BALTIMORE (WJZ) — Firefighters call it “Six Days Down Under.” Burning chemicals, a derailed train and thousands of lives at risk.
Now, 10 years after the Howard Street tunnel fire, Adam May examines safety changes and whether they’re enough.
In a tunnel under the streets of downtown Baltimore, a train transporting dangerous chemicals derailed. Manhole covers exploded, city businesses shut down for a week and firefighters risked their lives battling the 1,500 degree fire.
“We actually call it `Six Days Down Under,’ the great Howard Street tunnel fire in downtown Baltimore,”said Assistant Fire Chief Donald Heinbuck.
Heinbuck was in charge of the response 10 years ago. Although nobody was seriously hurt, analysis found a need for better teamwork and communication.
That’s why training drills are now held every year.
“I think we could [handle any emergency],” Heinbuck said.
But some critics say only focusing on response training ignores the real danger.
“We need some major changes, like we need a new tunnel,” said former Congresswoman Helen Bentley.
Bentley is a well-respected expert on transportation issues. Since the 1970s, she’s been pushing for a $1 billion replacement.
“All of the north/south traffic on the East Coast goes through that tunnel,” Bentley said. “And if there’s ever a real breakdown, an explosion or terrorist, we’ll have real trouble in this country. We need to do something about it.”
“I think we would love to have a new tunnel, but not for safety reasons,” said Mayor Stephanie Rawlings-Blake.
Rawlings-Blake toured the tunnel last fall. It’s a mile and a half long under busy areas such as Lexington Market and First Mariner Arena, ending at Camden Yards. At more than 100 years old, it’s a single lane with low clearance, too small for modern, bigger trains.
“If we were to have a deeper tunnel with double-stacked trains, we could expand job opportunities in and around the port,” Rawlings-Blake said.
A spokesman for train company CSX also says calls for a new tunnel are a commerce issue, not a safety issue.

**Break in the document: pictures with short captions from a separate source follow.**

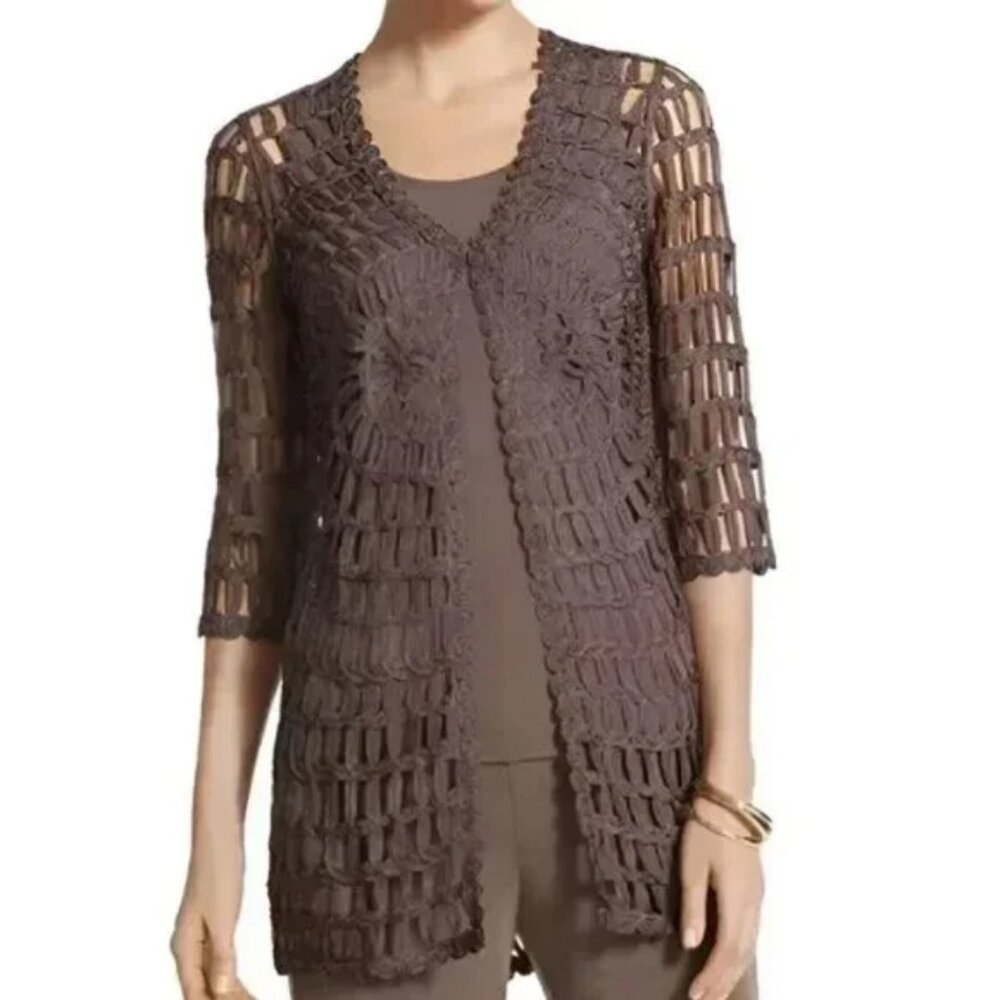 Chicos Travelers Taupe Brown Neutral Long Knit Dress Duster Cardigan Sweater 1 M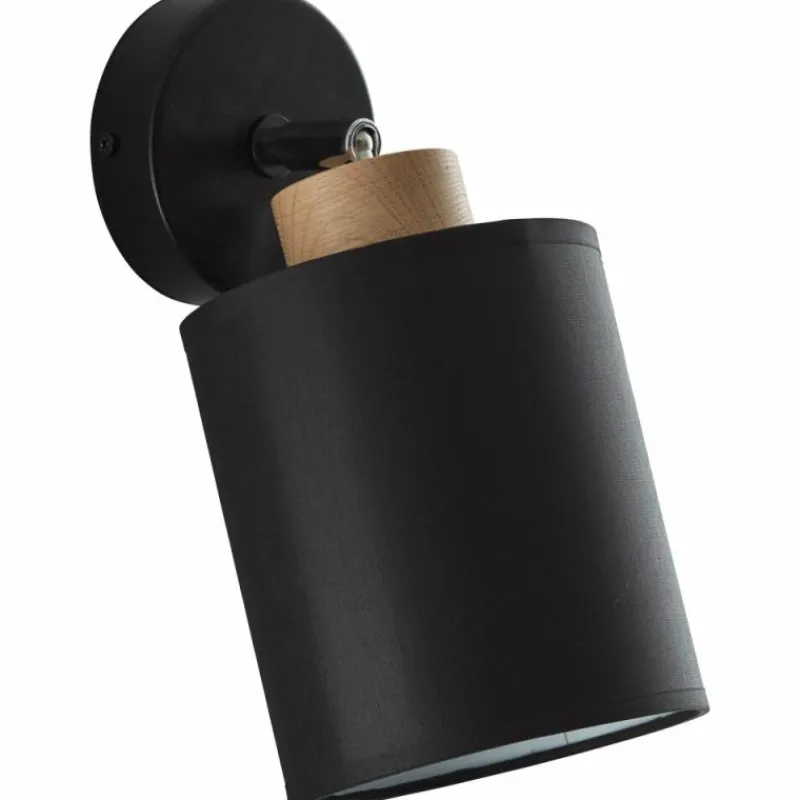 Lampes En Tissu-Luminaires Brilliant Applique murale Brilliant Vonnie Bois clair, Noir, 1 lumière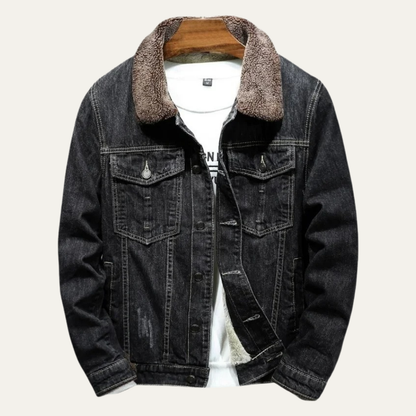 Men's Fleece Lined Denim Winter Jacket - VibreMode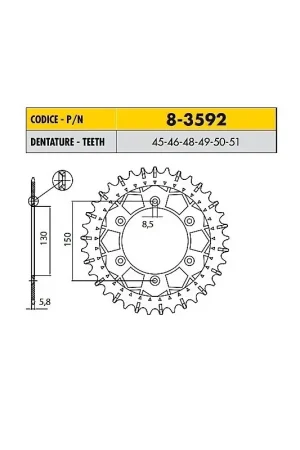 YAMAHA YZ F 250 2001>2018 CORONA PASSO 520 CODICE 8-3592 Prezzo Ridotto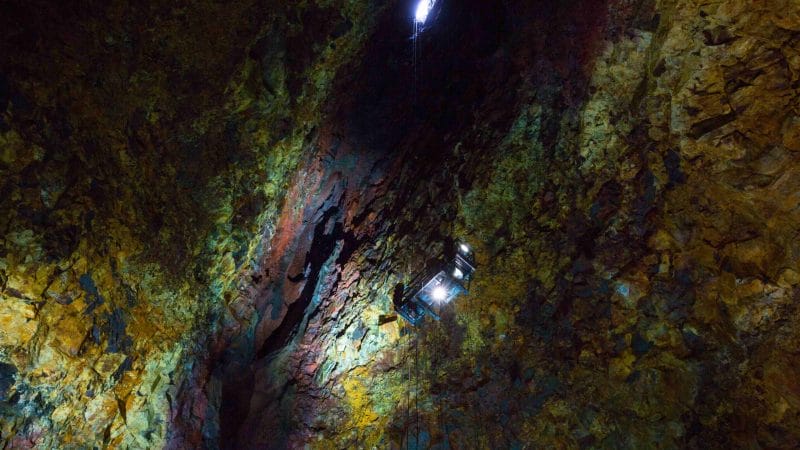 Thrihnukagigur volcano - inside the volcano in Iceland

“The tunnel structure is old but we believe it is a very safe way to move,” said Bob Sullivan.
Last August, another train carrying hazardous materials derailed in the tunnel. Luckily, it didn’t catch fire. If it had turned into a repeat of 2001, Bentley feels others would see it her way.
“Redoing that tunnel is a matter of national security,” Bentley said. “They have to come up with the money and they will. Maybe not in my lifetime, but they will.”
On average, more than two dozen trains use the Howard Street tunnel every day.